As other applications, Zettlr features a graph view that allows you to view the network that you have created by interlinking your files. This can help you spot clusters as they emerge, find ways of connecting separate components, and gain an overview over all of your files.
Graphs and networks are different kinds of beasts. They can be very powerful, but they can also act as a Rorschach test where you spot patterns that are not there. For a general introduction, we warmly recommend you to read What is the point of a graph view? by Arthur Perret as well as -- for a more cautious notion -- the article Quo Vadis, PKM? by Hendrik Erz.
What is a graph?¶
First, let's start with a crash course in network science. A graph view of a personal knowledge management (PKM) database is only loosely related to empirical networks such as social networks, but it can help nevertheless.
A graph is mathematically defined as a set of vertices (or nodes), which are connected by a set of edges (or links). Edges are called arcs when they are directed. Vertices can be either connected to a single other vertex (a dyad), to two other vertices (a triad), or more than that. Vertices can also be isolated, i.e. unconnected. A cluster of connected vertices within a network is called a component.

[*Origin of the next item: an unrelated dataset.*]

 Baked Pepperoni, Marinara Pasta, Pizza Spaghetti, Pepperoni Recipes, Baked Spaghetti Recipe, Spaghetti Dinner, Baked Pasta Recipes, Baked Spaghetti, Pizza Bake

Furthermore, a graph can be either directed (that is, the arcs between two vertices have a direction, i.e. the arc from A to B is not the same as the arc from B to A) or undirected (meaning that the edge from A to B also implies the edge from B to A). A graph can also be weighted, in which case its edges will have some number attached to them. Finally, a graph can be either simple or multiplex. A multiplex graph does not just have one type of edge, but multiple.
If all of this now sounds very abstract, let us put examples to the definitions:
- Each file that is loaded in Zettlr is a vertex
- Every link between two files is represented as an arc (= directed edge) from file A to file B
- A backlink then also creates the opposing arc from B to A
- A link weight could be the amount of times file A links to file B (if you link from several parts of your file, for example)

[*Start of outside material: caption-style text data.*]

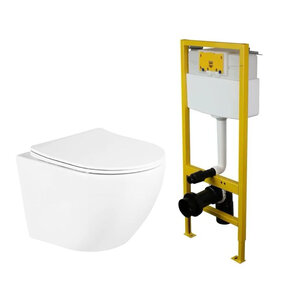 Изображение товара Инсталляция Elsen с безободковым унитазом BelBagno UNO, сиденье микролифт, EIN500.1120/BB3105CHR/SC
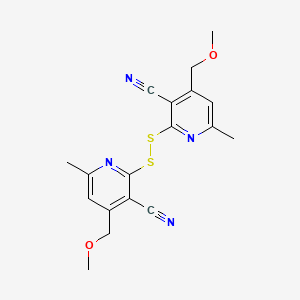 molecular formula C18H18N4O2S2 B11553906 2,2'-Disulfanediylbis[4-(methoxymethyl)-6-methylpyridine-3-carbonitrile] CAS No. 5783-90-4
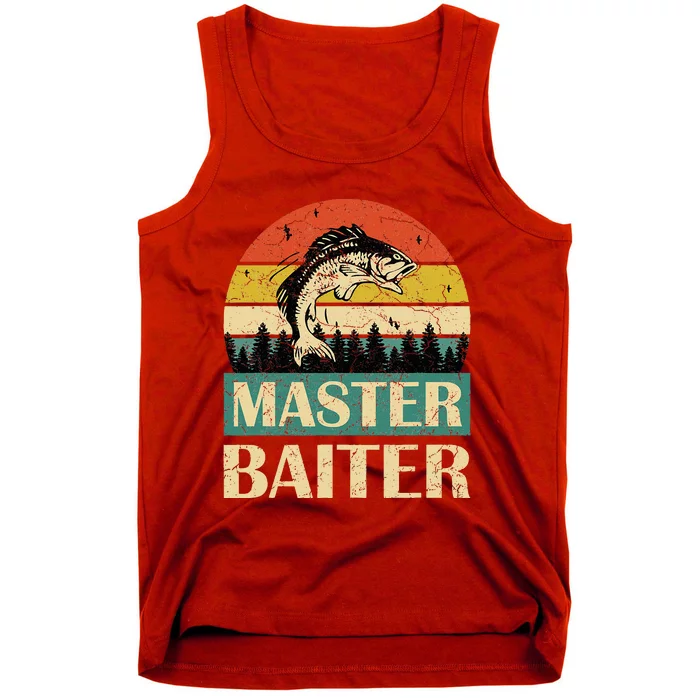 Funny Master Baiter Fishing Fishermen Tank Top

- A multiplex graph would imply that files can not only be connected by links, but also by, e.g., shared keywords or some other feature
There is much more to networks, but for now, we will leave it to that. Feel free to read further online if you're interested!

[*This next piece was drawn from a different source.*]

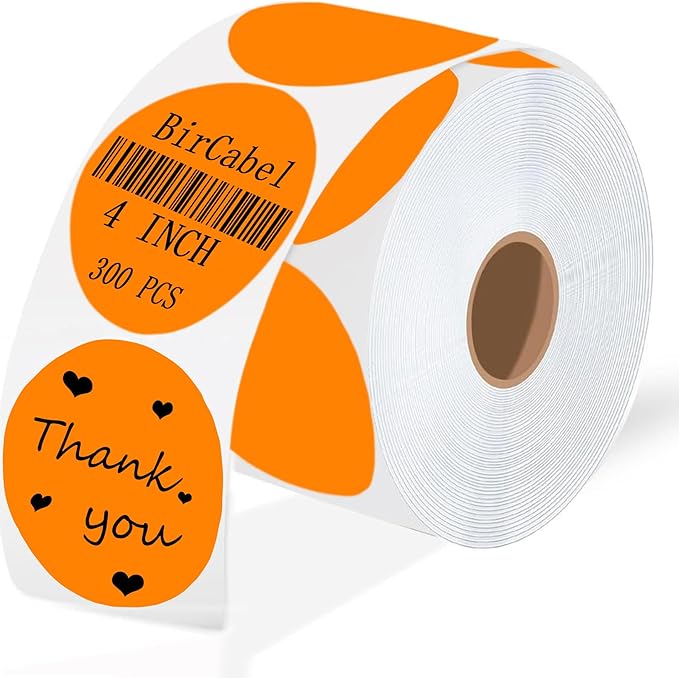 4 Inch Large Orange Circle Thermal Labels, Self-Adhesive Round Inventory by BriCabel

Zettlr's graph implementation¶
Zettlr now implements a subset of the available features to create a graph. Specifically, as of now it will …
- … create one vertex per file that is loaded in Zettlr
- … create one edge per link from one file to another
- … treat all links as undirected and unweighted
Under the hood, Zettlr uses the library D3 to facilitate the actual rendering of the graph. We utilize a force directed layout (however, not Fruchterman-Reingold, for those who have some experience with network visualizations) that tries to place the different nodes in a way that they don't overlap and that you can see clusters.
The actual placement of the vertices as well as the distance to other vertices does not have any inherent meaning!! This is very important to remember: Only the edges between the various vertices have meaning, not their positions or distance!
Opening the graph view¶
The graph view is currently not available via a prominently placed button. You can access the graph view by opening the statistic information window found in the toolbar and navigating with the "more statistics..." button to a seperate window shown in the screenshot below.
Interacting with the graph view¶
Interacting with this network is possible in a number of ways. Hovering over a vertex in the network will show you a tooltip that tells you its filename and which component it belongs to. Click on a node to have it open in your main editor. This way you can keep the graph view open to the side of the main window and navigate your files this way.
Additionally, there are a few controls you have available to customize the display of the graph.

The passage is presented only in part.